The science behind our claims:

From the beginning of 2010s new methods, like next generation sequencing, have enabled scientists to peer into the DNA of almost all living organisms on Earth. This includes animals and plants, but also bacteria- arguably the most adaptable group of organisms. Bacteria have adapted to live in the most extreme conditions- from frozen tundras to hot geysers. They have also adapted to live inside other living organisms, helping them digest otherwise undigestable compounds and excreting substances which improve their health[1]. Honeybees have 6 core bacterial communities in their digestive system: Proteobacteria, Firmicutes and Actinobacteria. These bacteria break down complex polysaccharides found in the pollen and nectar that the bees collect from flowers. Bees have a hard time breaking down and digesting these polysaccharides on their own, so these bacteria greatly contribute to the bee well-being. Some of the products this process results in, like organic acids and polyphenols, induce signalling molecules in the bee’s organism that activate the immune system and improve the metabolism of sugars[2],[3],[4]. Moreover the bacteria excrete antimicrobial compounds that prevent other, pathogenic bacteria from colonizing the bees and their honey[5].
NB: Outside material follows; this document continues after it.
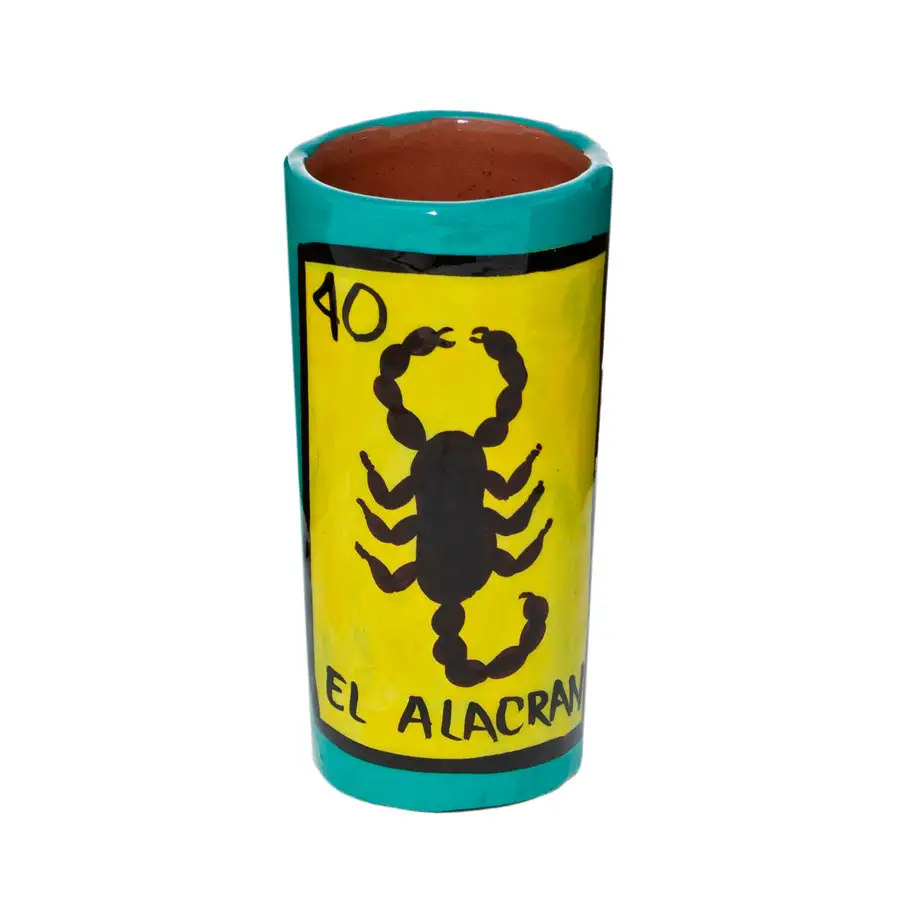 Lotería Hand-painted Clay Shot Glass - Image 20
In our quest for ever-growing agricultural yields, we often forget the consequences our behavior has on the living world around us. Increasing uses of pesticides and intensive agricultural practice in developed countries has led to accumulation of these chemicals in beehives. Bees, who non-selectively collect pollen and nectar from flowering plants, often introduce these compounds into their beehives from nearby agricultural crops treated with agricultural chemicals. Herbicides[6] and fungicides[7], while non-toxic to adult bees, kill beneficial bacteria in developing bee larvae. This leads to a disbalance in the microbiome[8] and such bees later become less productive and less numerous overall. Additionally, many beekeepers try to prevent and treat bee microbial infections by using antibiotics. This however leads to a vicious cycle in which antibiotics kill the protective beneficial bacteria[9]. The bees then become more susceptible to infections [10] so the beekeeper has to apply antibiotics more often, further compromising the immunity of the beehive while at the same time increasing microbial pathogens’ resistance to antibiotics.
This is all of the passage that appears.